We gave it up for lost, but a couple years later I got a message from him saying he’d managed to find a cassette of the broadcast, recorded by a listener. And this is that.

So that is minor secrets of MTX playing on the radio in Rapid City, South Dakota in the Summer of ’89. Of historical interest only, if that, but still. It happened. It got recorded. Praise Odin, etc.

Addendum, from a Rapid Citizen via the internet: “ the legend I heard was that you were driving through town and heard your own song on the radio. You pulled over and called up the request line to the surprise of the DJ/station manager and the live set was arranged totally impromptu.”

Plausible, and better than any story I have. Let’s say it’s true.

15“Our Love Will Last Forever and Ever”

Minor secrets of “Our Love Will Last Forever and Ever” — praise Odin!

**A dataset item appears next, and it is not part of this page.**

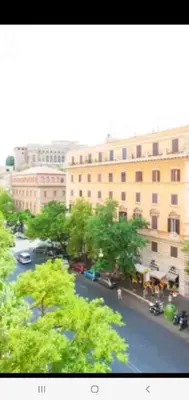 a view of a city street with a large building at Cuore Di Roma Holidays in Rome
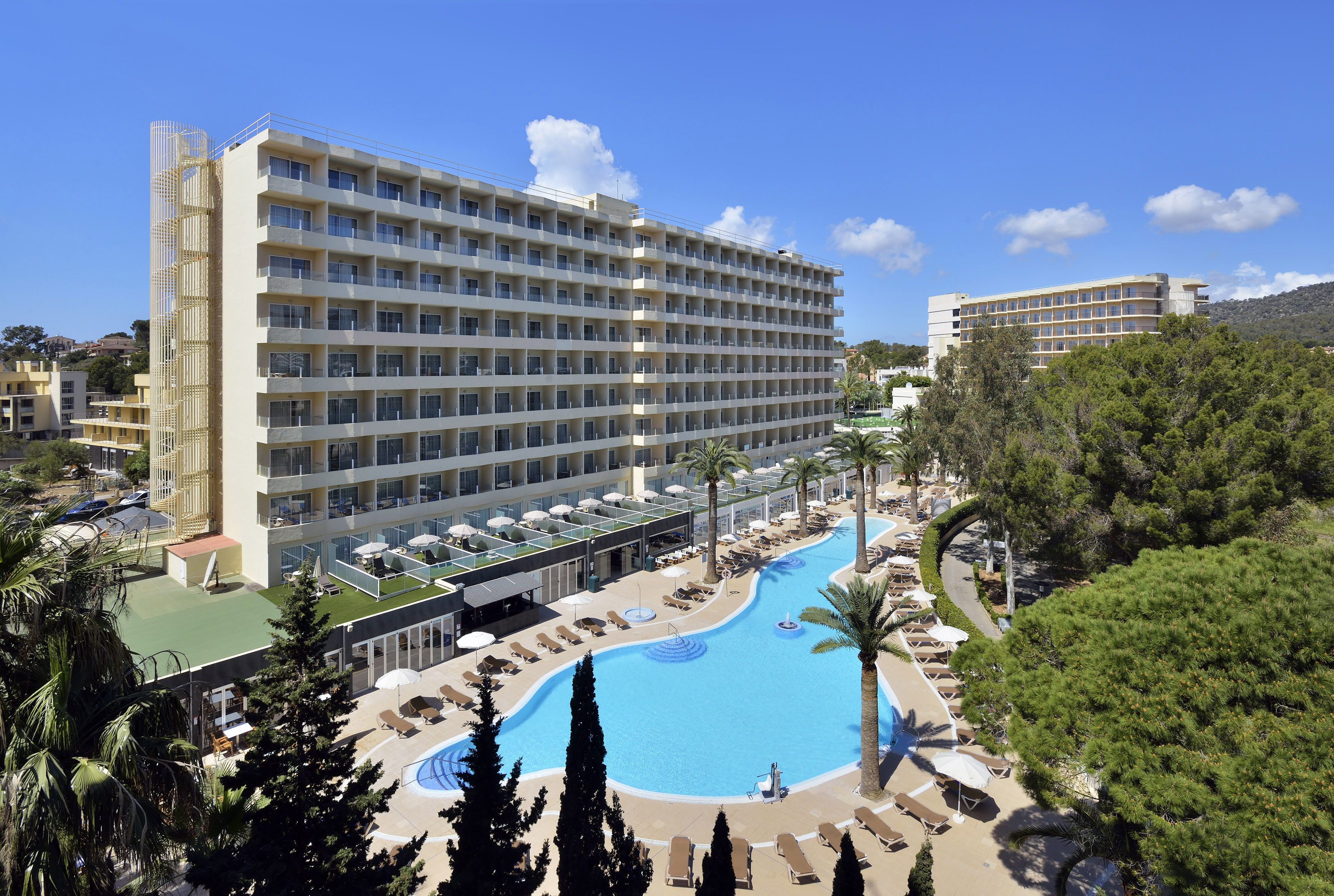 Sunny resort hotel with large blue pool, palm trees, and loungers.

I hope your Wodensdaeg proceeds apace, if apace means what I think it does.

This has never been regarded as one of the “top tunes” in the catalog (at least I don’t think it has), but it’s one a handful of songs I’m genuinely proud of and satisfied with. Conceptually, lyrically, structurally, melodically, and even maybe in execution, it hits it out of the park, or, to tone down the self-praise a bit, it does more or less precisely what was intended. Which you can’t always count on, and in fact it’s quite rare.

As to why others don’t seem to see it like that, quite, maybe that has something to do with the fact that we’ve never played it live all that often? (And one reason for that is, it’s got a structure that, while rational, isn’t predictable: it’s hard to remember how many “bumps” go where and it’s easy to screw it up.) Also, we never made a video of it at the time, which seems to make a big difference in the beloved-ness of particular songs. This video, which is obviously brilliant, was done long after the fact by the very talented Augustus Rachels, as a school project. (He also did the “Cinthya with a Y” video.. check out his stuff here.)

Just your standard punk rock band posting in front of a tank

Anyway, I’m not going to “explain” it or anything. It’s a dyspeptic, upbeat, rather grim yet wry love song, which is how I like ’em best. The Tin Pan Alley Cole Porter-y lyrical-compositional affectation doesn’t always work this well when crammed in to two minutes of punk rock. It’s got some great lines that still make me smile/smirk a bit after all these years. And for what it’s worth, for me, it’s basically the quintessential Dr. Frank song (if you don’t dig it or get it, you probably won’t dig or get any of my stuff) and maybe even the quintessential MTX track from that era (along with, possibly, “Sackcloth and Ashes” or “I Fell for You”.)

The feedback guitar in the bridge was played by Kevin Army. We wanted it to sound apocalyptic and blown up, and I think layering it over the strummed acoustic has a cool effect, if not, perhaps, quite evoking the end of the world. We used to put more thought into this than you probably think we did.

(Oh and here’s the official and semi-official videos playlist for more of this… ilk.)

So there you have it. Another song for Woden. Be good to each other. Kiss each other a lot, keep your fingers crossed, and try to avoid getting shot and struck by asteroids if you can.